И чтобы получилось правильно, приходилось вспоминать то наполовину забытое, чему он учился в консерватории. Гаммы, созвучия, доминанты — все, чему он не придавал особенного значения раньше, оказалось теперь так необходимо. И, кроме того, было очень неудобно писать без инструмента. Иногда ему казалось, что стоит только сесть за рояль, как все эти трудности, встававшие на каждом шагу, исчезнут, и все станет значительно легче. У него мелькнула мысль подождать и отложить работу до того момента, как он поднимется с кровати. Но он отбрасывал эту мысль как искушение. Поддаться ей — значило спасовать, признать свое бессилие, а он не желал этого. Он не желал этого тем более, что за его работой наблюдала Тамара. Он хотел предстать перед ней крепким волевым человеком, хотел, чтобы она уважала его. Вероятно, и проиграть уже написанное он не дал ей потому, что не был уверен, хороша ли созданная им музыка. Он боялся, как бы она не подумала, что он не умеет, что он бессилен написать хорошо. Он хотел убедиться сначала сам в том, что получилось нечто стоющее и только потом уже показать ей.

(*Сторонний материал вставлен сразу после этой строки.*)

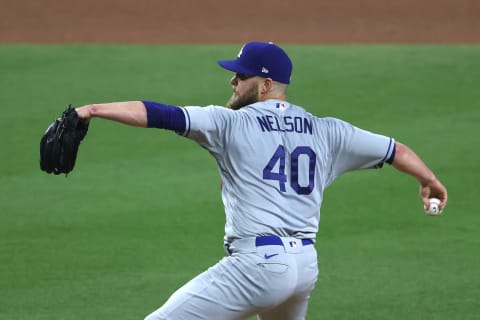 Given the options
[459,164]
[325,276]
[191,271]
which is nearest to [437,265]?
[325,276]

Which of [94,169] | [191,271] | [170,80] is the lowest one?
[191,271]

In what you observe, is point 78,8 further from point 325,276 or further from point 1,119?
point 325,276

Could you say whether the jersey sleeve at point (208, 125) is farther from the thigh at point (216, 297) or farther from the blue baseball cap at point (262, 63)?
the thigh at point (216, 297)

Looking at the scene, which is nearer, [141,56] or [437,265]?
[437,265]

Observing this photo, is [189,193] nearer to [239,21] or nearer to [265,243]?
[265,243]

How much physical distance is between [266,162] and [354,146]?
0.47m

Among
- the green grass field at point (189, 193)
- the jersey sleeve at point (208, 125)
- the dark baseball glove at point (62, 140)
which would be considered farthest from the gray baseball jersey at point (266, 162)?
the green grass field at point (189, 193)

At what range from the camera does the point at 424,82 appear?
12.5 m

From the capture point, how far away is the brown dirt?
49.8 ft

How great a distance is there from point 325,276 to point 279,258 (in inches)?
112

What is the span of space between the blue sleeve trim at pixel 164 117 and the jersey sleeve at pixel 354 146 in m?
0.75

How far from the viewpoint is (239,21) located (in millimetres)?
16047

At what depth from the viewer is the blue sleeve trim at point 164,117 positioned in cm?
429

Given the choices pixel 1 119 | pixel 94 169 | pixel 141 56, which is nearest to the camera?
pixel 94 169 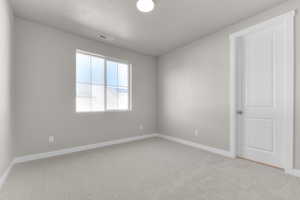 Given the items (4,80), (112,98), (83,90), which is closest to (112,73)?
(112,98)

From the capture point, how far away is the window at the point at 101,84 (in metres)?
3.24

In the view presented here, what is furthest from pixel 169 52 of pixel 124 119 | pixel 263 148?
pixel 263 148

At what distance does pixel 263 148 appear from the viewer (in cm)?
246

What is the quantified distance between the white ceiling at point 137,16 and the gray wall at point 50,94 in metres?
0.29

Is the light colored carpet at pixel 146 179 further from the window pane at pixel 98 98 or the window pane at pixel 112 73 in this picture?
the window pane at pixel 112 73

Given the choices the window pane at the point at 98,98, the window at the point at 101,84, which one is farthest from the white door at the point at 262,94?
the window pane at the point at 98,98

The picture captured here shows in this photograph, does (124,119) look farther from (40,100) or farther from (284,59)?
(284,59)

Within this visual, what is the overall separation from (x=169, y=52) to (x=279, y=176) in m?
3.56

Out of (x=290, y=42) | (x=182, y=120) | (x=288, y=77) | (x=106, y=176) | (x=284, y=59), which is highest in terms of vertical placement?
(x=290, y=42)

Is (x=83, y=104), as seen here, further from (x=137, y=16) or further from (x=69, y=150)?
→ (x=137, y=16)

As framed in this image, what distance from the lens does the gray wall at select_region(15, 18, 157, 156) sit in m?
2.54

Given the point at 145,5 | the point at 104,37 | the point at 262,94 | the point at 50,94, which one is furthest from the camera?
the point at 104,37

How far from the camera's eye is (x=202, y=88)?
10.9ft

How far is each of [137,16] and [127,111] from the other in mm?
2391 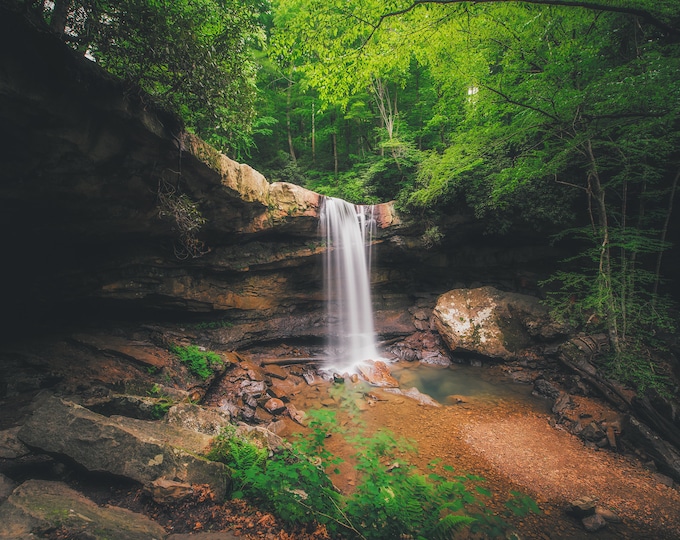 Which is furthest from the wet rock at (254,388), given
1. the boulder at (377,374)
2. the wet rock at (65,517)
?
the wet rock at (65,517)

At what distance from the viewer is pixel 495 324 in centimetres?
903

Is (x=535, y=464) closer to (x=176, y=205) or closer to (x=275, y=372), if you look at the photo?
(x=275, y=372)

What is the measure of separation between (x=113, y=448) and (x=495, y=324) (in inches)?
385

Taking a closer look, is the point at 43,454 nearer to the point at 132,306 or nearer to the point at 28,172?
the point at 28,172

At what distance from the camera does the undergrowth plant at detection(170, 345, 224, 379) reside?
21.2ft

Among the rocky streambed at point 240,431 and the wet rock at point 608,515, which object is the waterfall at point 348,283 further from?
the wet rock at point 608,515

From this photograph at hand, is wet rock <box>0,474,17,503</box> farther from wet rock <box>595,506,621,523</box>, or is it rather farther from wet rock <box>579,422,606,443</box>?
wet rock <box>579,422,606,443</box>

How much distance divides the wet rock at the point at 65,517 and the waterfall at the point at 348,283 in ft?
22.7

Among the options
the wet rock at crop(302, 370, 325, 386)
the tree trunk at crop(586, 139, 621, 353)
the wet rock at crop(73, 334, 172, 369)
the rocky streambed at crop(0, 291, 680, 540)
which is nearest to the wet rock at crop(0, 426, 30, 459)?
the rocky streambed at crop(0, 291, 680, 540)

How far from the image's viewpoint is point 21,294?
5.61 m

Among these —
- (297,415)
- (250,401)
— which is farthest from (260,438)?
(250,401)

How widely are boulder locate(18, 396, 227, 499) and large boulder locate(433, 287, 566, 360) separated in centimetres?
825

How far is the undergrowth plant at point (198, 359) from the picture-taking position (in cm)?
646

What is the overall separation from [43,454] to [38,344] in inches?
162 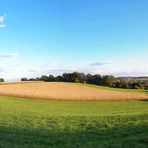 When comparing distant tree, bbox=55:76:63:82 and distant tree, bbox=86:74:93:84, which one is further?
distant tree, bbox=86:74:93:84

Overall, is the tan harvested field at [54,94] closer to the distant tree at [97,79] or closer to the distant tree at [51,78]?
the distant tree at [97,79]

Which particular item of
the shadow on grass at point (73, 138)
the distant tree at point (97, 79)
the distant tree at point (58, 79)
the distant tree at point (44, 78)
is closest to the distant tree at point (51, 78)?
the distant tree at point (44, 78)

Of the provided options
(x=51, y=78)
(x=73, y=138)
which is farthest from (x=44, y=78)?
(x=73, y=138)

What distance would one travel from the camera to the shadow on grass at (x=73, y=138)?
921cm

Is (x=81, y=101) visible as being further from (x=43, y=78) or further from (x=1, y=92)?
(x=43, y=78)


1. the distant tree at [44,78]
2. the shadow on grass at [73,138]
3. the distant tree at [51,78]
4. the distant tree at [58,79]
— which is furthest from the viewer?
the distant tree at [44,78]

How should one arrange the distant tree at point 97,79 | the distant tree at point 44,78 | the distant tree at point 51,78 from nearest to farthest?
1. the distant tree at point 97,79
2. the distant tree at point 51,78
3. the distant tree at point 44,78

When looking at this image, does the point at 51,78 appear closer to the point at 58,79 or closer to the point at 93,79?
the point at 58,79

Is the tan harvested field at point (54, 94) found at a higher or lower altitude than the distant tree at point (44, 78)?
lower

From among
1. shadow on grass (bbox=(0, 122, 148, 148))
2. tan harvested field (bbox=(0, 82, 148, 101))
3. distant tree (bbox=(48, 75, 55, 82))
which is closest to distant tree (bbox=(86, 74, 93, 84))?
distant tree (bbox=(48, 75, 55, 82))

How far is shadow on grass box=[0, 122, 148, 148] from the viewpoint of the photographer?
921cm

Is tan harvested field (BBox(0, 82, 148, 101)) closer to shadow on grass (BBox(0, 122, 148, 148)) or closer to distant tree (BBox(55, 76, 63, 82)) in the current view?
distant tree (BBox(55, 76, 63, 82))

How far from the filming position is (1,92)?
46.7m

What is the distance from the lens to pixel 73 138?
34.7ft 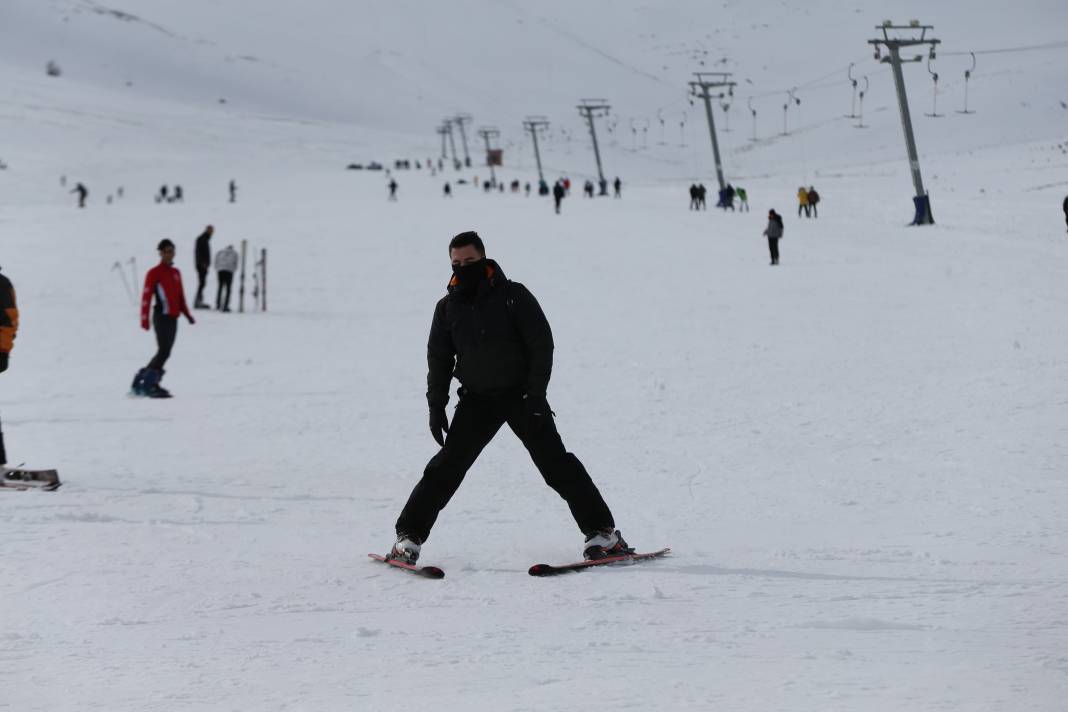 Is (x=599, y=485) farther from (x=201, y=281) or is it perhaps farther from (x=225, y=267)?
(x=201, y=281)

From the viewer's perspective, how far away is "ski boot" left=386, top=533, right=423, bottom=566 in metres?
4.79

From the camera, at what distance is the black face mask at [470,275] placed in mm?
4508

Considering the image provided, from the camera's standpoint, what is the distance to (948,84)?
12038 cm

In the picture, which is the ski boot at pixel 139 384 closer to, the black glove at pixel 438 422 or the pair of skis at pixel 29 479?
the pair of skis at pixel 29 479

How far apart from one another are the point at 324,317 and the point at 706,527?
12.2 meters

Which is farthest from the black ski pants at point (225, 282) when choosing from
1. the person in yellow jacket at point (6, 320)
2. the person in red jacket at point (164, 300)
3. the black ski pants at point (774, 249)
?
the person in yellow jacket at point (6, 320)

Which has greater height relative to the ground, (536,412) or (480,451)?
(536,412)

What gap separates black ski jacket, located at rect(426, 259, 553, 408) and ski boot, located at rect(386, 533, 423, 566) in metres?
0.72

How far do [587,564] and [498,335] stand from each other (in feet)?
3.48

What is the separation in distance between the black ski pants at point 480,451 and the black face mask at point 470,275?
0.49m

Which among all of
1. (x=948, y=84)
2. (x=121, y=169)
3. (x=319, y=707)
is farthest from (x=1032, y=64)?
(x=319, y=707)

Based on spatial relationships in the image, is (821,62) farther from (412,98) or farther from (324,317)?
(324,317)

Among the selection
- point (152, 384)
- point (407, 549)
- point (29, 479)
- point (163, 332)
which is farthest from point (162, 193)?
point (407, 549)

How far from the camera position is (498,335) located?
14.8ft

И он, стиснув зубы, напрягал до предела воображение, стараясь в уме воспроизвести записанные звуки и сравнить их с теми, которые легли в основу записи.

Иногда ему казалось, что он не в состоянии записать ни единой ноты. Он знал, что нельзя создать веселое, когда приходит грусть, и нельзя написать сильное, если чувствуешь неуверенность. Но он не откладывал работы в ожидании вдохновения. Он старался сам сделать себе настроение. Он уходил в себя, рисовал в воображении необходимые картины, виденные раньше, и, когда они захватывали его, звуки приходили сами собой. Он словно гипнотизировал себя, вкладывая в это всю свою волю. Это удавалось ему почти всегда, и в такие минуты карандаш бегал по бумаге быстро и нервно, оставляя после себя бесконечную вереницу точек, черточек, палочек, кружочков. Часто звуков собиралось так много, что он не успевал их фиксировать. Но бывало и так, что ему приходилось искать их, подбирая один за другим, как подбирают бусинки, нанизываемые на нитку. Важно было, чтобы они не вредили друг другу, не вносили дисгармонию в общую идею, а были связаны как звенья одной и той же цепочки.

Да, конечно, было нелегко, но он не позволял себе думать о том, что может не справиться. Он должен был справиться, он должен был написать большую настоящую вещь, он должен был услышать свою музыку на сцене. Это было нужно для его народа, это было нужно и для него, потому что в этом было его удовлетворение. И он писал, перечеркивал и опять писал и писал, исчерчивая один за другим нотные листки. Стопка их увеличивалась медленно, но неуклонно.